The Mitsubishi Outlander is a mid-sized seven-seater sports utility vehicle (SUV) that is stylish, spacious and comfortable.
It was originally known as the Mitsubishi Airtrek when it was first introduced in 2001.
We had the chance to test drive the 2.4-litre variant powered by a four-cylinder MIVEC engine which delivers 167hp at 6,000rpm and 222Nm of torque at 4,100rpm. The engine is mated to a six-speed INVECS-III continuously-variable transmission.
It measures 4,695mm in length, 1,810mm in width, 1,680mm in height and weighs about 1,530kg. It has 591l of boot space and 60l of fuel tank capacity.
The Mitsubishi Outlander comes with LED headlamps with LED daytime running lights, 18-inch dual-tone alloy wheels, a sunroof, a 2DIN touchscreen head unit, keyless entry with engine push-start button, leather seats with heated front seats, dual-zone auto air-conditioning, cruise control, automatic headlamps, automatic wipers and a power-operated tailgate.
In terms of safety, the Outlander comes with active stability control, traction control, hill-start assist, anti-lock braking system with electronic brakeforce distribution, brake assist, two Isofix child seat mounts in the middle row, Mitsubishi’s Reinforced Impact Safety Evolution (RISE) body, collapsible steering column and seven airbags.
The Mitsubishi Outlander is priced at RM168,600 without insurance, inclusive of Goods and Services Tax. It comes with a five-year or 100,000km whichever comes first warranty.
We managed to drive 400km in the Mitsubishi Outlander, driving through city, highways and urban roads. We found that the SUV is smooth and powerful.
Its medium weighted steering responded accurately and precisely. During high speed corners, the Outlander gripped very well on the road. It absorbed most road conditions reasonably well but we find that it lacks comfort. Most potholes and bumps were felt.
The wind and engine noise was low at low speed, but the tyre noise was noticeable. During high speed driving, the wind and tyre noise was quite loud.
The Outlander’s multiplayer system was user-friendly, although the sound system is quite basic. The bass is acceptable, but the system is short on clarity and sharpness.

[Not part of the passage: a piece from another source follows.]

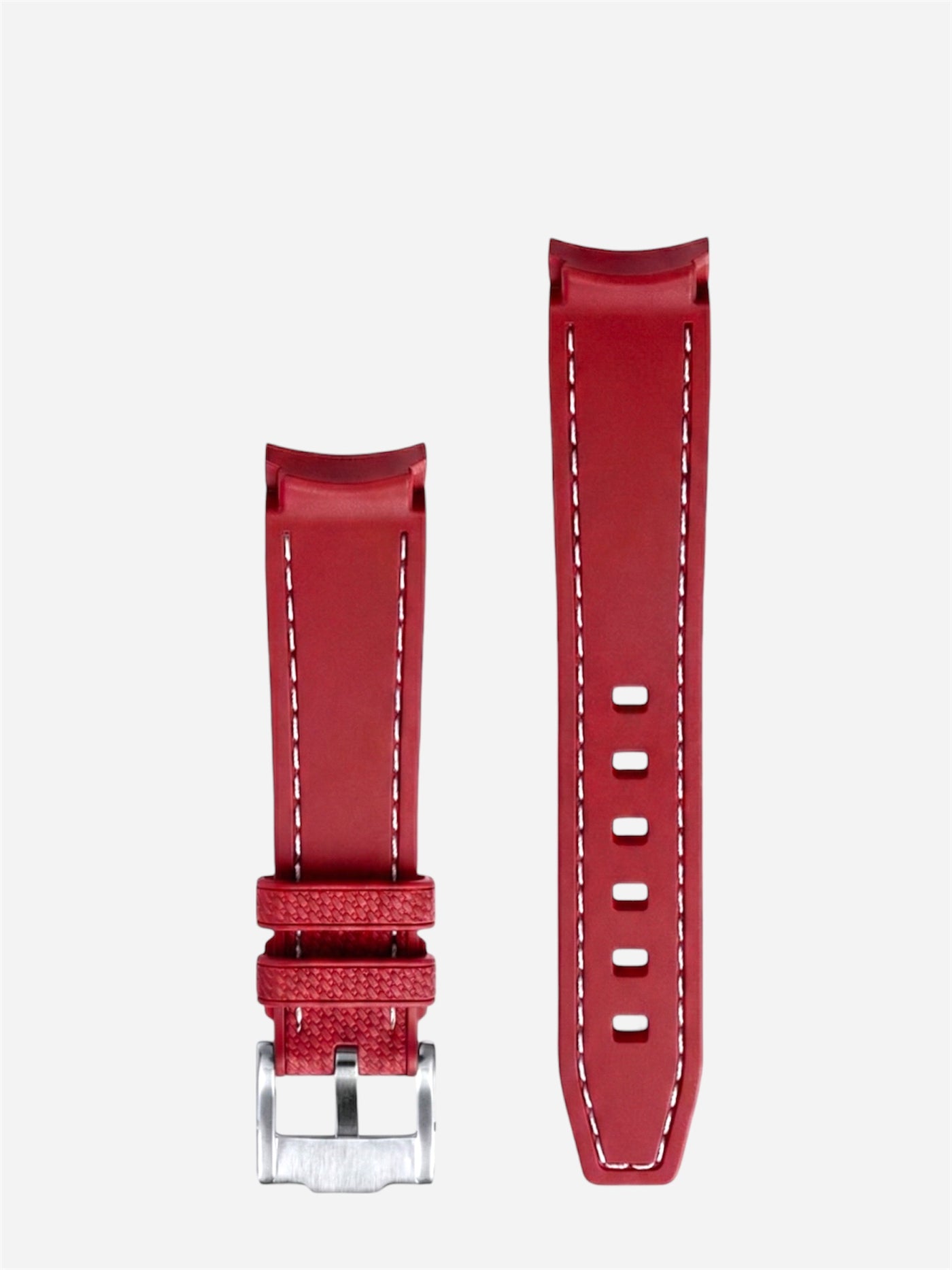 Red Stitch Rubber Strap for Omega x Swatch Mission to Mars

Its multi-select 4WD system has three modes to choose from. 4WD Eco has the front wheel drive running as default, and channels drive to rear axle when its needed. 4WD Auto will automatically split torque to both axles and 4WD Lock for tough terrain road conditions.

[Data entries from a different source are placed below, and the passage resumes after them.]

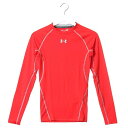 アンダーアーマー UNDER ARMOUR メンズ ヒートギア コンプレッション 長袖 1257471(REDxSTEEL)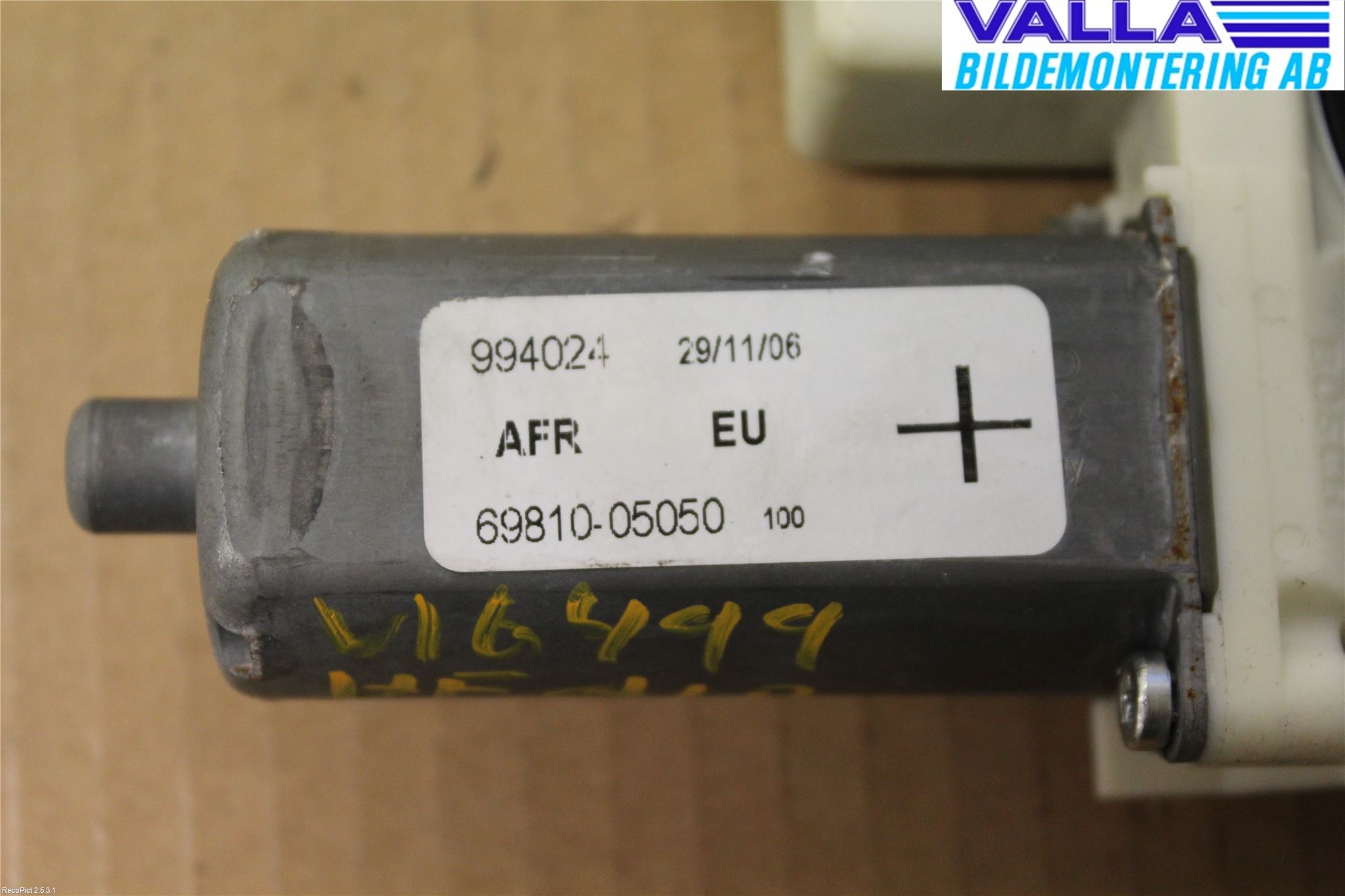 Toyota AVENSIS 07-08 Vindusheis El Komp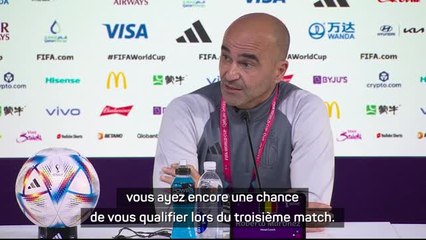 Belgique - Martinez : "Une seconde chance à saisir"
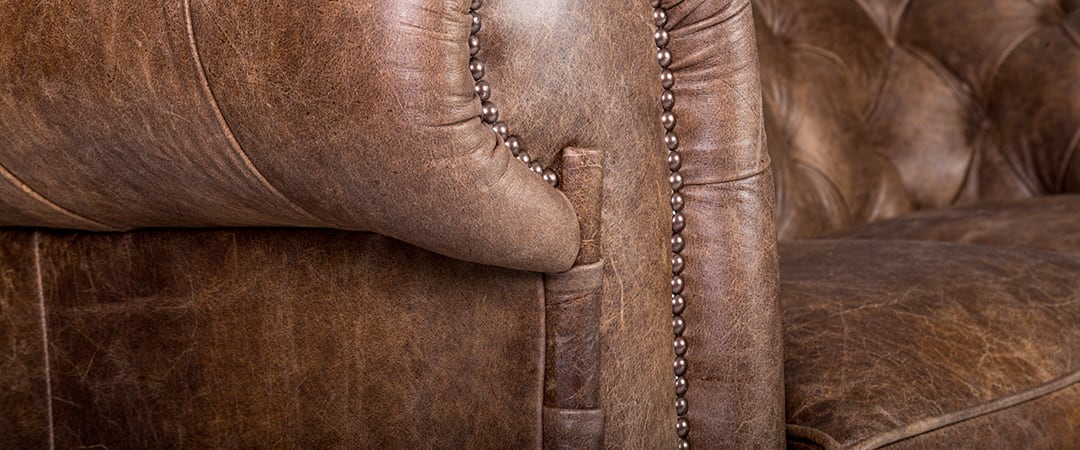 ascot leather chesterfield sofa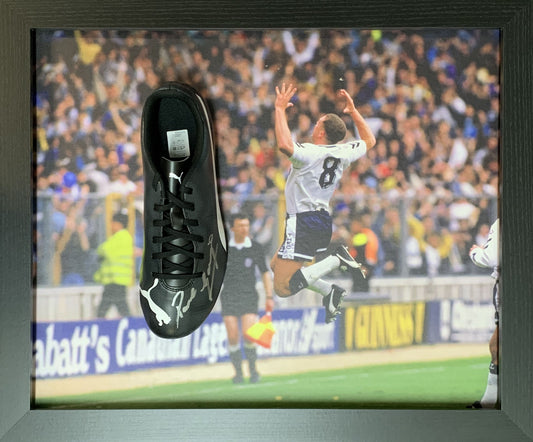 Paul “Gazza” Gascoigne Signed Football Boot - Tottenham
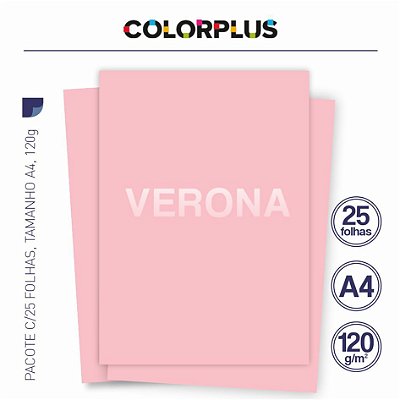 25 fls. Color Plus Verona 120g/m2 - A4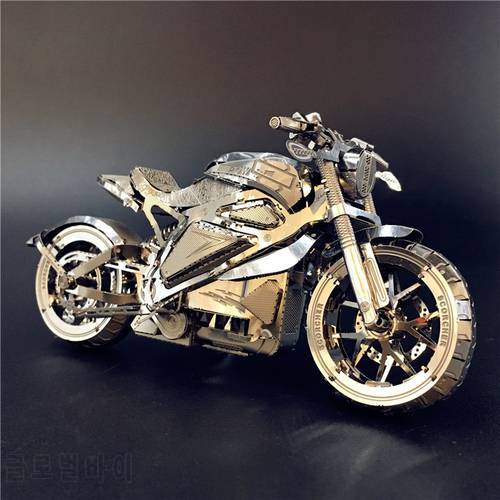 MMZ MODEL NANYUAN 3D Metal puzzle Vengeance Motorcycle Collection Puzzle 1:16 l DIY 3D Laser Cut Model puzzle toys for adult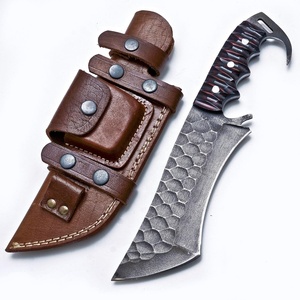 Handmade Stainless Steel Tracker Knife with Micarta Sheet Handle and <b>Leather</b> Sheath Bushcraft Survival Camping Hunting Knife - Product Image 1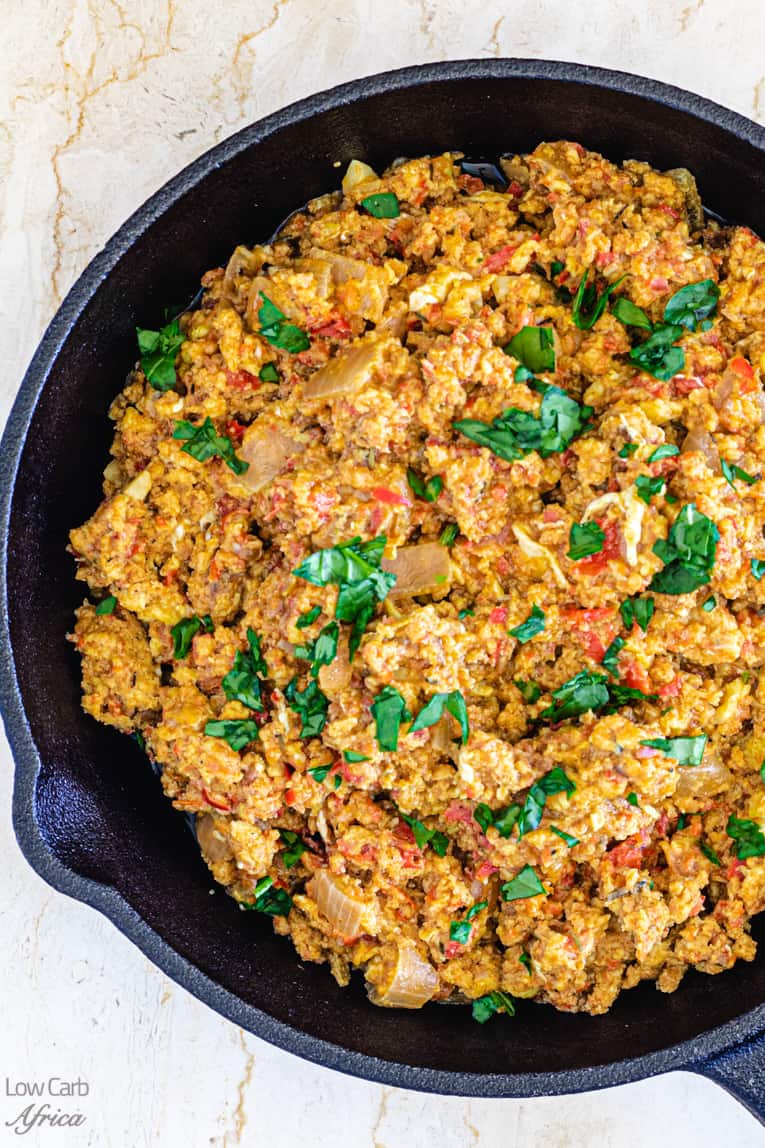 This egg stew is a must on your Nigerian keto diet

The Mitsubishi Outlander has spacious front and middle row seats. However, the last row lacks legroom. We find that the cabin was quite comfortable and the air-conditioning was very cold, very well suited for the weather in Malaysia.
We clocked about 8.3l to 9.6l of petrol per 100km in the Outlander, during a combination of city and highway driving.
After hard driving, it consumed about 10.6 to 12.4l per 100km.
Even though the Mitsubishi Outlander is a very good package, it still has room for improvement. We find that there’s no auto locking system that locks the SUV when it starts moving. We also felt that having a blind spot indicator will certainly further improve safety.